The government of the Islamic Republic of Iran is in search of a US$10 billion investment to help it kick-start its domestic aluminium industry. Experts expect the industry to export over sixty percent of production, tapping into the growing global demand for the versatile metal.
“The government of President Hassan Rouhani has decided to revive aluminum projects including the one in Guinea,” said Mohammad Aghajanlou, director of the mineral industries department of state-owned Iranian Mines and Mining Industries Development and Renovation Organization. “Import of bauxite into Iran via large ship is much more economical compared to what it was 20 years ago.”
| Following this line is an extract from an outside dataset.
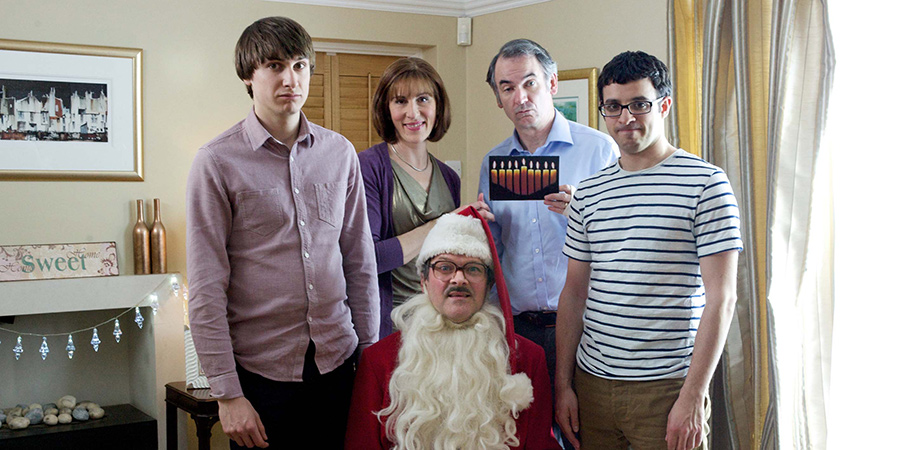 Friday Night Dinner. Image shows from L to R: Jonny (Tom Rosenthal), Jackie (Tamsin Greig), Jim (Mark Heap), Martin (Paul Ritter), Adam (Simon Bird)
Although the political will exists to invigorate the domestic aluminium industry, the raw materials are not quite as available. That and an overall lack of electrical generation has limited Iran’s output of the metal to 350,000 metric tons a year, which is below the domestic capacity of 470,000 metric tons. The current push to ramp up the country’s aluminium production would put its capacity at 1.5 million metric tons in ten years, according to Mehdi Karbasian, managing director of Iranian Mines and Mining Industries Development and Renovation Organization.
The cornerstone in Iran’s plan is the development of a bauxite mine in West Africa’s Guinea. The 50/50 partnership between the two governments has thus far failed to yield any results in a quarter century, however. Iran’s government recently engaged German firm DMT GmbH to advise them how to move the mine towards production, and a recommendation from the consultant is expected this fall.
“The mine in Guinea has more than 500 million tons of bauxite, but it’s far from the sea and there is a need for rails to be put in place,” Karbasian said. “We are weak when it comes to bauxite reserves.”
Ultimately Iran intends to build a pipeline from inland mines to a port, replacing what sparse infrastructure for transporting the ore there is at present. The bauxite would be crushed and mixed with water before insertion into the pipeline to the coast, explained Aghajanlou.